Critics—both national and on-campus—of Brinkley’s column argued that the piece presented negative stereotypes about Vietnamese culture. In an op-ed published in The Daily, the Stanford Vietnamese Students’ Association (SVSA) complained that the article lacked factual rigor.

“His offensive statements, such as the assertion that the Vietnamese have consumed almost all of their wild/domesticated animals, are inaccurate and sensationalist,” SVSA wrote.

Katherine Vu ’13, one of SVSA’s core members, said that the op-ed was not intended to be “an offensive or defensive attack.” Kimberly Vu ’13, another core member, said that most members of the group did not agree with outside calls for Brinkley’s resignation.

“It would be so much better if this had a positive outcome in which we had a really good discussion and we could bring to light that these things [that the column describes] happen, but these are the true, real facts about what they are,” Katherine said. “We definitely want to talk to him, and I think it would be great if he came to our Culture Night or something.”
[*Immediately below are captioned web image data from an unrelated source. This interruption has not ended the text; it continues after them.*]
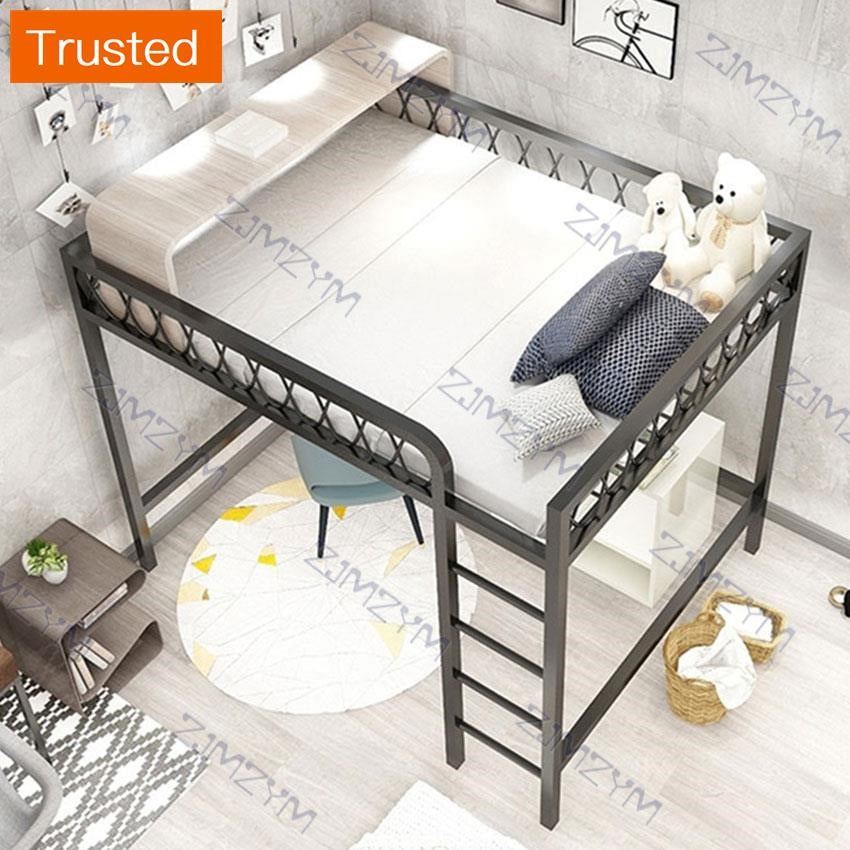 Multiple Variations Bunk Bed 120/150CM Multifunctional Single Dormitory Loft Home Bedroom Adult Teenage High Nap Bed With Ladder Twin Bed Iron Frame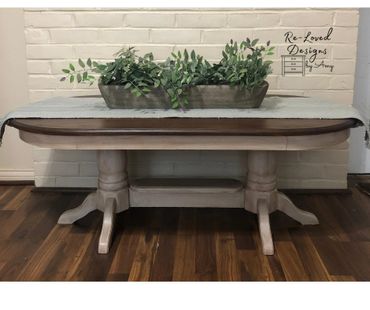 Gel stained top with paint/glazed bottom.
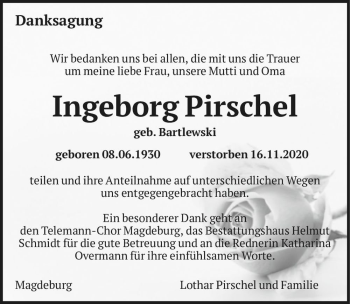 Traueranzeige von Ingeborg Pirschel (geb. Bartlewski)  von Magdeburger Volksstimme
Cindy Ng, the director of the Asian American Activities Center, echoed that sentiment, crediting the “thoughtful, constructive, respectful discussion” that emerged on campus in response to the column.

Kimberly and Katherine said that the group recently decided to email Brinkley to discuss the issues raised by the column but that they had yet to reach out.

Brinkley said that there had been no communication between him and the SVSA since the column’s publication, but that he would be open to talking with them.

“Sure,” he said. “I spoke with a group of Cambodian students last week. I speak to groups here all the time. If they want to speak to me, I’d be happy to speak with them.”